Google Interview: Find all contiguous subsequence in a given array of integers, whose sum falls in the given range. Can we do better than O(n^2)?

Question

Given an array of Integers, and a range (low, high), find all contiguous subsequence in the array which have sum in the range.

Is there a solution better than O(n^2)?

I tried a lot but couldn't find a solution that does better than O(n^2). Please help me find a better solution or confirm that this is the best we can do.

This is what I have right now, I'm assuming the range to be defined as [lo, hi].

public static int numOfCombinations(final int[] data, final int lo, final int hi, int beg, int end) {
    int count = 0, sum = data[beg];

    while (beg < data.length && end < data.length) {
       if (sum > hi) {
          break;
       } else {
          if (lo <= sum && sum <= hi) {
            System.out.println("Range found: [" + beg + ", " + end + "]");
            ++count;
          }
          ++end;
          if (end < data.length) {
             sum += data[end];
          }
       }
    }
    return count;
}

public static int numOfCombinations(final int[] data, final int lo, final int hi) {
    int count = 0;

    for (int i = 0; i < data.length; ++i) {
        count += numOfCombinations(data, lo, hi, i, i);
    }

    return count;
}

Does `sum > hi .. break` assume that integers are non-negative? (Otherwise, why to break if the sum can decrease as we continue.) — AlexD, Jul 03 '14 at 01:50
A [Segment Tree](http://en.wikipedia.org/wiki/Segment_tree) can be rather helpful for an output sensitive approach, though thinking it's still O(N^2) in the worst case where you return all continuous subsequences. — Nuclearman, Jul 03 '14 at 02:07
Given an array of all zeroes and the range (-1, 1), there are O(n^2) solutions, and you clearly require O(n^2) time just to print the answers. — Raymond Chen, Jul 03 '14 at 02:36
Can all integers only be positive? or can be positive or negative? — notbad, Jul 03 '14 at 03:08
@PhamTrung I saw this question posted on a site and it said 'find' all continuous sub-sequences. I'm doing both to test my result. — user1071840, Jul 03 '14 at 16:26
If item can be positive or negative so your code is wrong, as AlexD has mentioned. — Pham Trung, Jul 03 '14 at 16:38
@Pham Trung: It's obviously possible to write code that doesn't run in O (n^2) if you give up the requirement that it solves the problem asked. I can reduce it to O (1) by not giving the correct count. — gnasher729, Jul 04 '14 at 08:54
@gnasher729 I don't understand? you reduce it to O(1) by not giving correct count? This problem is clear that it cannot be better than O(n^2) with an appropriate [low, high]. So yesterday, when everything was not so clear, we try to give a solution, and now thing changed, and what is your point? — Pham Trung, Jul 04 '14 at 09:00
@PhamTrung Yeah, I realized that this code is wrong if numbers are both positive and negative. — user1071840, Jul 04 '14 at 23:50

score 18 · Answer 1 · edited Aug 07 '16 at 21:14

18

O(n) time solution:

You can extend the 'two pointer' idea for the 'exact' version of the problem. We will maintain variables a and b such that all intervals on the form xs[i,a), xs[i,a+1), ..., xs[i,b-1) have a sum in the sought after range [lo, hi].

a, b = 0, 0
for i in range(n):
    while a != (n+1) and sum(xs[i:a]) < lo:
        a += 1
    while b != (n+1) and sum(xs[i:b]) <= hi:
        b += 1
    for j in range(a, b):
        print(xs[i:j])

This is actually O(n^2) because of the sum, but we can easily fix that by first calculating the prefix sums ps such that ps[i] = sum(xs[:i]). Then sum(xs[i:j]) is simply ps[j]-ps[i].

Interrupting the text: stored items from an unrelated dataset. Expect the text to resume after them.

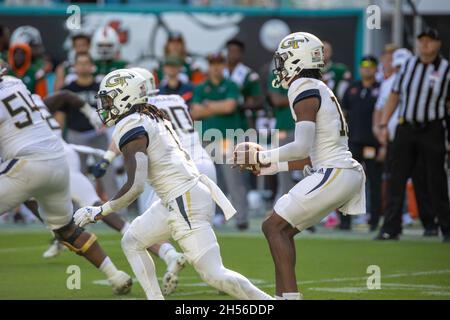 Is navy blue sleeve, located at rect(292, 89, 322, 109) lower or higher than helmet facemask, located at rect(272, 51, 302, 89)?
lower

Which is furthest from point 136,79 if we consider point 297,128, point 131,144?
point 297,128

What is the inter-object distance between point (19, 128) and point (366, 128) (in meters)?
6.09

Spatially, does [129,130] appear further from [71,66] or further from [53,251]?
[71,66]

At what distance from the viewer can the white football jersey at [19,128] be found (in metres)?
7.80

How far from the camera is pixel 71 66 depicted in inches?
552

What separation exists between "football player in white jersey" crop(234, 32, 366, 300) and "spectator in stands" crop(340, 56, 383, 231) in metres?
5.95

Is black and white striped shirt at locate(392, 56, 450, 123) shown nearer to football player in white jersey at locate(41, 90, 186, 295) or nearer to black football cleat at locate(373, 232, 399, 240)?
black football cleat at locate(373, 232, 399, 240)

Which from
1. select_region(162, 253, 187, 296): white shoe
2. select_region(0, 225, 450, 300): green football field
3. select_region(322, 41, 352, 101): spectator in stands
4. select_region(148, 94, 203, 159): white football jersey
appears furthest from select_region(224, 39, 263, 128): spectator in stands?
select_region(162, 253, 187, 296): white shoe

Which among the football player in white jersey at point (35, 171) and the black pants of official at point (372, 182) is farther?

Here is an example of running the above code on [2, 5, 1, 1, 2, 2, 3, 4, 8, 2] with [lo, hi] = [3, 6]:

[5]
[5, 1]
[1, 1, 2]
[1, 1, 2, 2]
[1, 2]
[1, 2, 2]
[2, 2]
[2, 3]
[3]
[4]

This runs in time O(n + t), where t is the size of the output. As some have noticed, the output can be as large as t = n^2, namely if all contiguous subsequences are matched.

If we allow writing the output in a compressed format (output pairs a,b of which all subsequences are contiguous) we can get a pure O(n) time algorithm.

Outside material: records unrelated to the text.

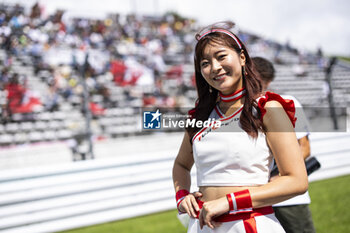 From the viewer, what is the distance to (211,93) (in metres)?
1.62

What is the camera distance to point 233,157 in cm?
134

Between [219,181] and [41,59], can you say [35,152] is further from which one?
[219,181]

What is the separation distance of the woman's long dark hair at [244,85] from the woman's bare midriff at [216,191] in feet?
0.69

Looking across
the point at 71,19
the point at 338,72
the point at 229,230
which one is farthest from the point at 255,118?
the point at 338,72

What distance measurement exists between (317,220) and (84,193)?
306 centimetres

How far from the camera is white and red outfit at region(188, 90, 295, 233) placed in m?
1.32

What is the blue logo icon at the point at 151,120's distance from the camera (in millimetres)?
1816

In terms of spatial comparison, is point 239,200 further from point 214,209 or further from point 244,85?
point 244,85

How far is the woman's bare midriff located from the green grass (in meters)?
2.86

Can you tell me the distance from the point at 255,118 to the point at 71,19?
13545 millimetres

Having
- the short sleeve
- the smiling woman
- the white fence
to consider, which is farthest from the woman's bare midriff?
the white fence

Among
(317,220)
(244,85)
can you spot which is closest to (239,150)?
(244,85)

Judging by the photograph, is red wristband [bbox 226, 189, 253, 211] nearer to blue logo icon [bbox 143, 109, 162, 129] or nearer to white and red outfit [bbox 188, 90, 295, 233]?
white and red outfit [bbox 188, 90, 295, 233]

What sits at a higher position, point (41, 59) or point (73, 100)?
point (41, 59)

edited Aug 07 '16 at 21:14

spuleri

515
1
6
9

answered Aug 16 '14 at 15:17

Thomas Ahle

30,774
21
92
114

1

I think it is actually possible to solve it even with **O(1)** space. Instead of computing an array of prefix sum, we can maintain only two sums, `sum(xs[i:a])` and `sum(xs[i:b])`. When the start position moves, i.e. `i` increments, just subtract the the value from the two sums. – wlnirvana Sep 10 '16 at 18:13
@RameshwarBhaskaran Unfortunately yes. With negative numbers we no longer have that the sequence is guaranteed to increase with b and decrease with a. – Thomas Ahle Nov 02 '16 at 12:56
1

Can you explain the intuition behind this solution? – Huey Aug 01 '17 at 00:11
Will not work with **negative and zero** numbers. Ex : {5, 10, 2, 3, 5, -5} for range [15, 20]. Sum of all elements in array equals to 20 but will not get captured by your algo. You algorithm will work fine with positive integers though. – Saurav Sahu Sep 09 '20 at 13:26

score 8 · Answer 2 · edited May 23 '17 at 12:10

8

Starting from this problem: find all contiguous sub-sequences that sum to x. What we need is something similar.

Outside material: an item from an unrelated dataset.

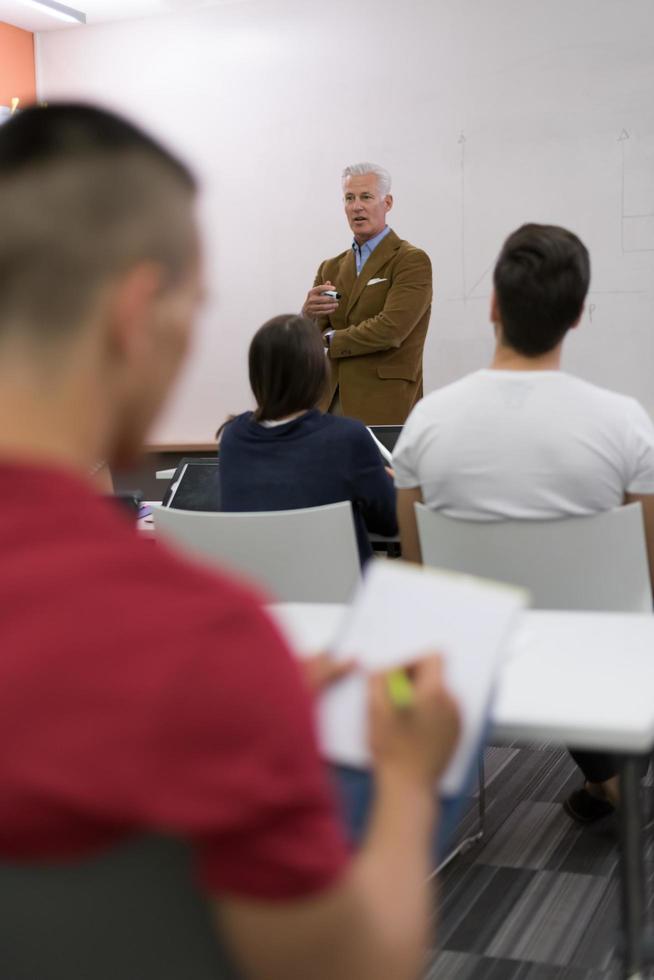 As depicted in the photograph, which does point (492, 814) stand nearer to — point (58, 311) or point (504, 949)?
point (504, 949)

For every index i, we can calculate the sum of the segment from 0 to i, which is x. So, the problem now is we need to find from 0 to i - 1, how many segments have sum from (x - low) to (x - high), and it should be faster than O(n). So there are several data structures help you to do that in O(logn), which are Fenwick tree and Interval tree.

So what we need to do is:

Iterating through all index from 0 to n (n is the size of the array).
At index ith, calculate, starting from 0 to ith index, the sum x, query the tree to get the total occurrences of numbers fall in the range (x - high, x - low).
Add x to the tree.

So the time complexity will be O(n log n)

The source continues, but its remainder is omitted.